The Christians there are under special persecution from the Buddhist monks. Local government leaders have relative autonomy and as long as what the Christians bring is good for their village, its ok. However, the Buddhists see it as a zero-sum game. Any influence they lose means less power, and in its most concrete form, less donations and food for the temple/monastery. So when Christians go in, they have to do so very gently, letting their community aid be their reference. This means preschools, food (pigs, ducks), rebuilding bamboo houses from Nargis, and small house groups at night. To the left is a kids section in the newspaper--The Tatmadaw is the military. The greedy guy in the tophat is a westerner (me).

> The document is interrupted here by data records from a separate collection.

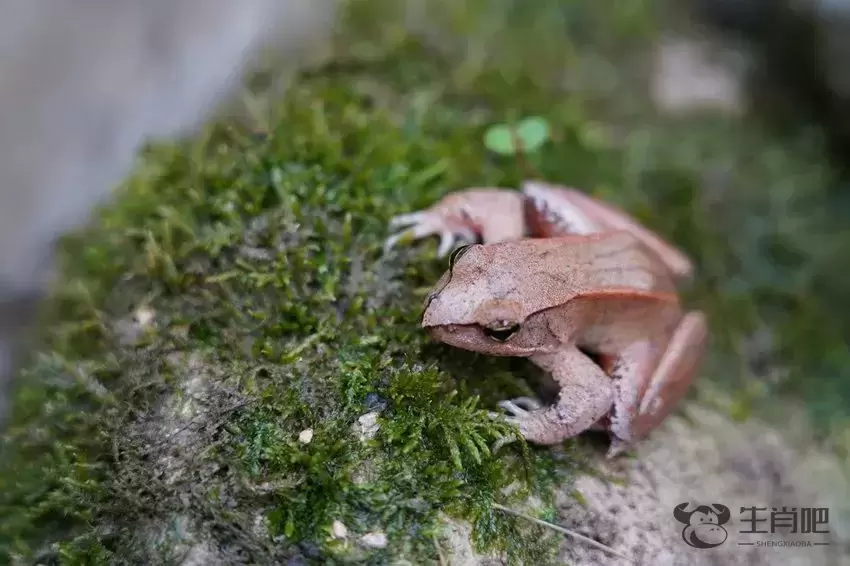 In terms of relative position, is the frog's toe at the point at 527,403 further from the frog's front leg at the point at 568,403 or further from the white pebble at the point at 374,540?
the white pebble at the point at 374,540

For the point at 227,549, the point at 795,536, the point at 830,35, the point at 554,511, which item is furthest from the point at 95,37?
the point at 795,536

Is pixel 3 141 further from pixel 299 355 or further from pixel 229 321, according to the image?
pixel 299 355

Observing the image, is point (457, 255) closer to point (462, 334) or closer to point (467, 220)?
point (462, 334)

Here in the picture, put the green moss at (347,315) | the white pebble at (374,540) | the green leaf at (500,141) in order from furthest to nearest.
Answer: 1. the green leaf at (500,141)
2. the green moss at (347,315)
3. the white pebble at (374,540)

I started off by saying Burma is a land of contradictions. On the surface this is easy to see: the dollar is outlawed yet there are stores that are only allowed to use the dollar. The internet firewall stops you from accessing Gmail or Yahoo, but there are large permanent signs advertising the internet cafes that have hacking software that will access online email. The contradictions go deeper. A country that is supposedly based on Buddhism cracked down on monks after the recent protest. 50% of its GDP is spent on military, and only 2% on healthcare and education, yet the official name of the government is the State Peace and Development Council. However, the contradictions were personal for me as well. Coming from seeing the Karen people who have suffered so much at the hands of the Burma Army I expected the capitol of Burma (Yangon) to be something like Berlin in 1939. However, I was surprised. The people are... well, people. They are all the mix of emotions that any of us are. And the government is largely absent unless they are collecting money or enforcing some random law. I traveled to areas that I was supposedly not allowed in, and the whole way just a small fee and a smile got me by the roadblocks. There is a huge disconnect between those in power making the rules and those actually enforcing those rules. If contradiction isnt the right word, maybe "isolated" is. Those in power seem to have a perception that doesnt match reality; through that crack light shines through.

pictures of the past days






















Sunday, March 21, 2010

Illegal

I was told just before speaking in front of a house church that foreigners are definitely not allowed to preach in Burma. "A big no no," my friend said with a smile. I smiled back; what a great motivator to say what needs said. I got up and spoke, pausing after every sentence so the translator could catch them up.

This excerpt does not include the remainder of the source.